The name Fishhook is derived from a rapids that was formerly located on this reach of the Snake River. But it also derived from a former resident, Fishhook Jim. I suspect his name was derived from the place.


Fishhook Jim was a Palouse Indian. The Palouse had releations and intermingled with many of the other tribes of the inland Pacific Northwest. The Palouse did not have a designated reservation in the Walla Walla Treaty of 1855. While some Palouse went to live on the Yakima, Nez Perce and Colville Reservations, many Palouse simply stayed put and continued to live along the Snake River with seasonal trips to other food source sites.

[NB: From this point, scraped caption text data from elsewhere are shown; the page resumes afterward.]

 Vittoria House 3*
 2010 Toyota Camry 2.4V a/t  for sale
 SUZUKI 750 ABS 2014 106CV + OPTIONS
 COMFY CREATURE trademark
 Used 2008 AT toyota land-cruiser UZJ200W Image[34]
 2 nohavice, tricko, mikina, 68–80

Fishhook Jim was the descendent of Palouse Induians that stayed. Eventually nearly all the Palouse were forced to leave. A few managed to obtain homestead claims - a hard task for Indians that took the American path of land ownership. Frequently Indians were not allowed to claim land even if they opted not to go to the reservation. But for the few that did manage to stay, another blow came with the building of the dams on the lower Snake. The rapids at Fish Hook disappeared under the water as well as the ancestral village and gathering sites. It should be further added that several salmon species on the lower Snake were also finished off by the dams.

Fishhook Park is a reminder of a past time and a gesture by the dam builders to remember what was once there as well as the people that once lived for thousands of years on the lower Snake.

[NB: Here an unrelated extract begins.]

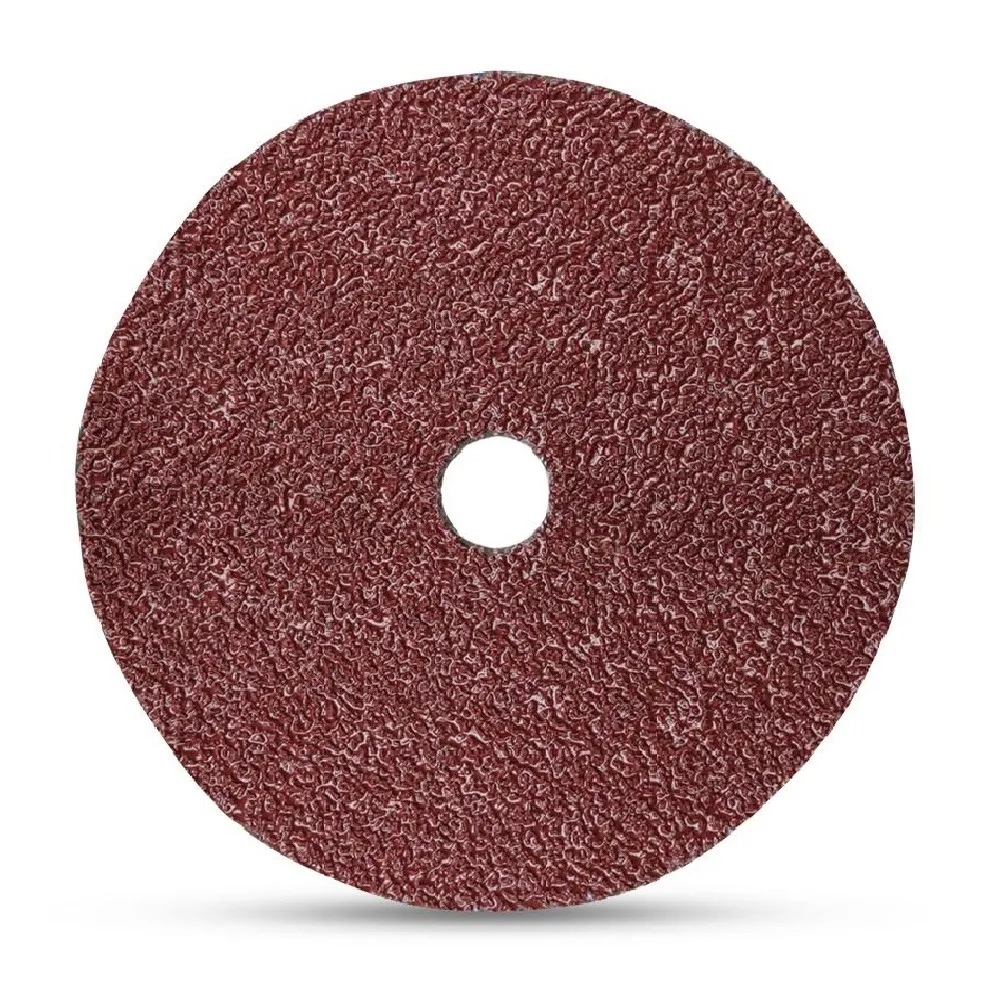 3M™ Cubitron™ II Roloc™ Fibre Disc 982C, 76 mm, 36+ - 60410011658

William Clark described the Corps of Discovery trip through Fish Hook Rapids:


"... A cool morning, deturmined to run the rapids ... [Clark, October 16, 1805]
Having examined the rapids], which we found more difficult than the report of the Indians had induced us to believe, we set out early, and putting our Indian guide in front, our smallest canoe next, and the rest in succession, began the descent: the passage proved to be very disagreeable; as there is a continuation of shoals extending from bank to bank for the distance of three miles, during which the channel is narrow and crooked, and obstructed by large rocks in every direction, so as to require great dexterity to avoid being dashed on them. We got through the rapids with no injury to any of the boats except the hindmost, which ran on a rock; but by the assistance of the other boats, and of the Indians who were very alert, she escaped, though the baggage she contained was wet.